EXERCISE DETAILS -
Repeat exactly, and only, the lines of the entries below from the one with "Ain't My First" through the one with "Beige Velvet Upholstered", both ends included.

SOURCE RECORDS -
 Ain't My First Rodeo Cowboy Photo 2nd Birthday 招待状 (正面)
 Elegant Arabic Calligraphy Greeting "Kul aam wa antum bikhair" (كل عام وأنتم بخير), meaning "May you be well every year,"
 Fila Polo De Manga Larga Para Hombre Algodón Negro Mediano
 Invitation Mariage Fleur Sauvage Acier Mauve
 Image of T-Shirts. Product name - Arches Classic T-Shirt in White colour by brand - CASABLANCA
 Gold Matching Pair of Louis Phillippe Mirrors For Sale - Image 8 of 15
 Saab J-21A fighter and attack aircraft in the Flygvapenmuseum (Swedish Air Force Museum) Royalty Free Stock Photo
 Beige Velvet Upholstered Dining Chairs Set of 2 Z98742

* * *

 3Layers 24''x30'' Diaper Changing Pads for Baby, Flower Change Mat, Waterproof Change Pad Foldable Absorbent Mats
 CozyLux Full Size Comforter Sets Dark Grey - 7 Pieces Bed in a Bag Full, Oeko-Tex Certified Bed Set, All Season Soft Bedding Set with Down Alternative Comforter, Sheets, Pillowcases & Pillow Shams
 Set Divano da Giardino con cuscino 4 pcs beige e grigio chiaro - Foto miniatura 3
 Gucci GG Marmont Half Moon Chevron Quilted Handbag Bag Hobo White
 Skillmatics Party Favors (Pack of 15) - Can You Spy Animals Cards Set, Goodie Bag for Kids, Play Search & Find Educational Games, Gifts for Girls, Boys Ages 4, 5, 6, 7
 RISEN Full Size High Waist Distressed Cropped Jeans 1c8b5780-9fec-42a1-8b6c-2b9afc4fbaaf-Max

--

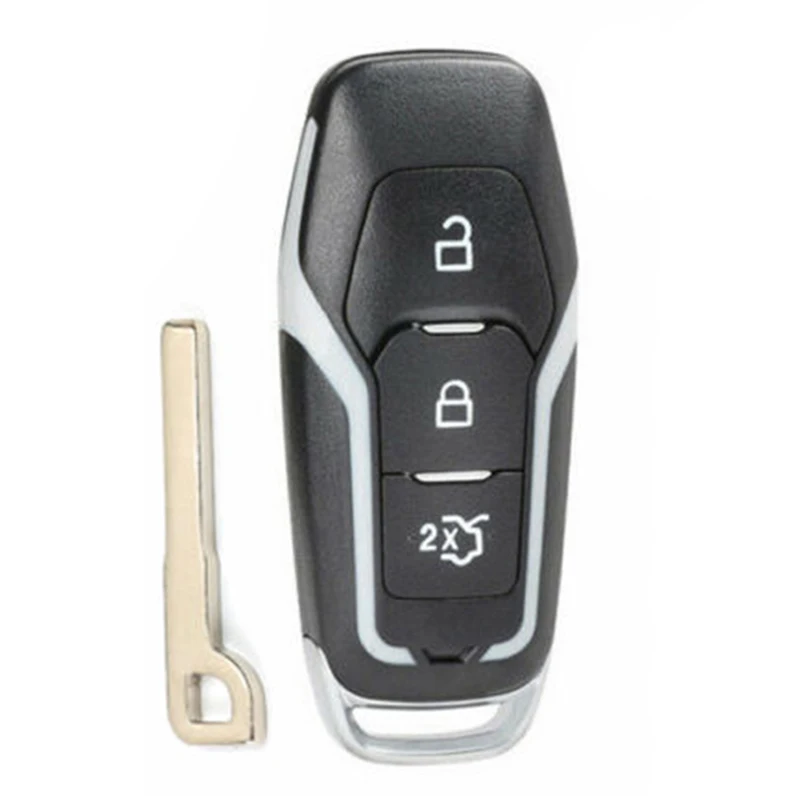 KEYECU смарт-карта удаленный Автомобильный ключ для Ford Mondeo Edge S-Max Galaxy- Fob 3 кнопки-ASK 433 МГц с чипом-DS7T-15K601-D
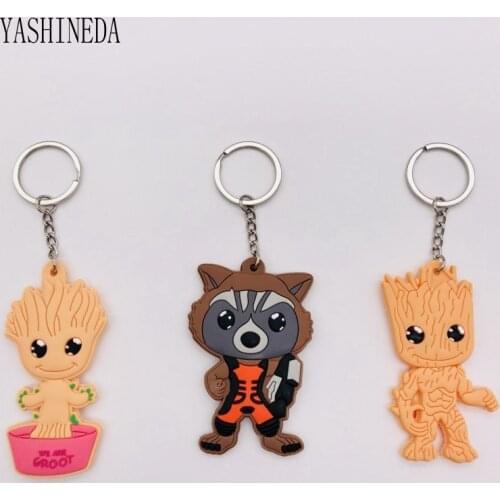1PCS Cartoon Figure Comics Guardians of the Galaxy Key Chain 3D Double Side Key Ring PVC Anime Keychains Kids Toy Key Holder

REPLY -
 Ain't My First Rodeo Cowboy Photo 2nd Birthday 招待状 (正面)
 Elegant Arabic Calligraphy Greeting "Kul aam wa antum bikhair" (كل عام وأنتم بخير), meaning "May you be well every year,"
 Fila Polo De Manga Larga Para Hombre Algodón Negro Mediano
 Invitation Mariage Fleur Sauvage Acier Mauve
 Image of T-Shirts. Product name - Arches Classic T-Shirt in White colour by brand - CASABLANCA
 Gold Matching Pair of Louis Phillippe Mirrors For Sale - Image 8 of 15
 Saab J-21A fighter and attack aircraft in the Flygvapenmuseum (Swedish Air Force Museum) Royalty Free Stock Photo
 Beige Velvet Upholstered Dining Chairs Set of 2 Z98742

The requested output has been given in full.